• **PROBLEM REQUIREMENTS**
Return all of the data exactly as written, without the pictures.

• **GIVEN DATA**

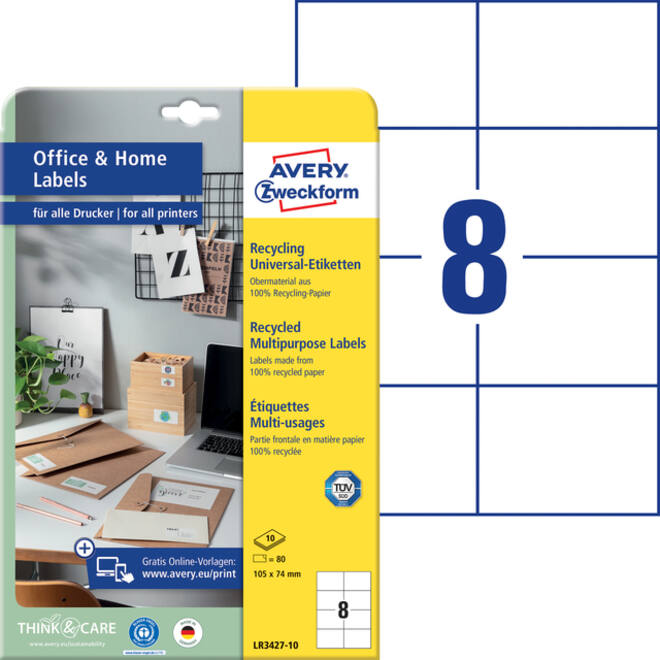 Etiket Avery Zweckform LR3427-10 105x74 mm recycled wit 80stuks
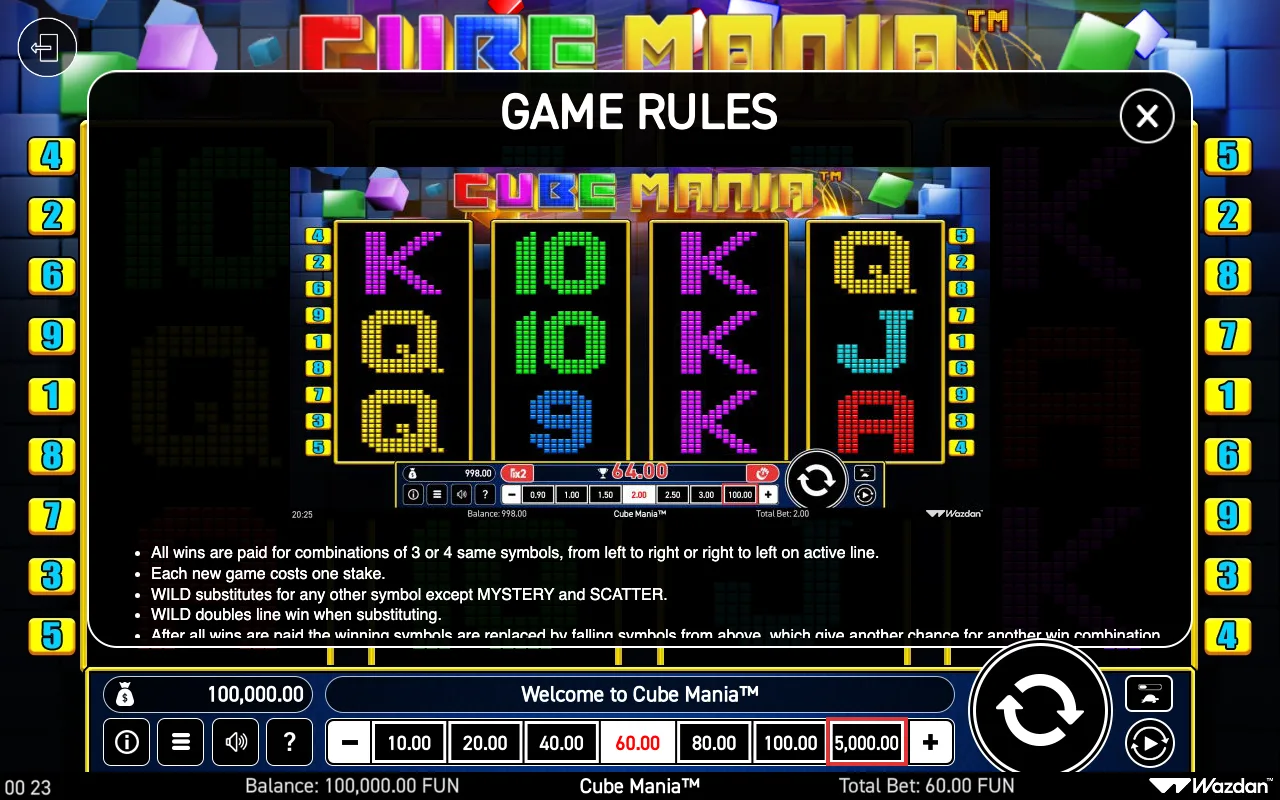 Game rules, page 2 — Cube Mania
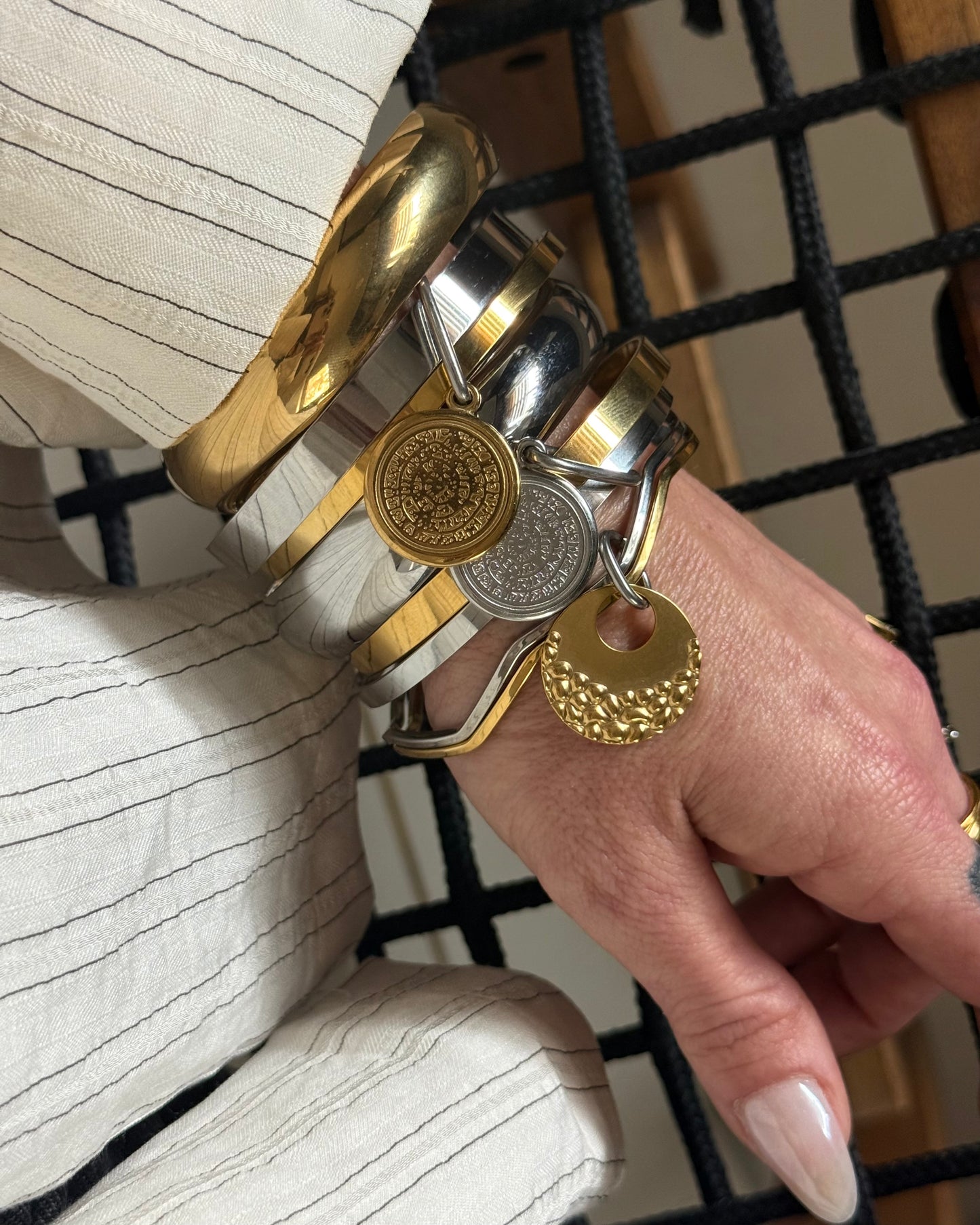 PHAISTOS GOLD DUAL BANGLE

• **RESULT OF THIS EXERCISE**
 Etiket Avery Zweckform LR3427-10 105x74 mm recycled wit 80stuks
 Game rules, page 2 — Cube Mania
 PHAISTOS GOLD DUAL BANGLE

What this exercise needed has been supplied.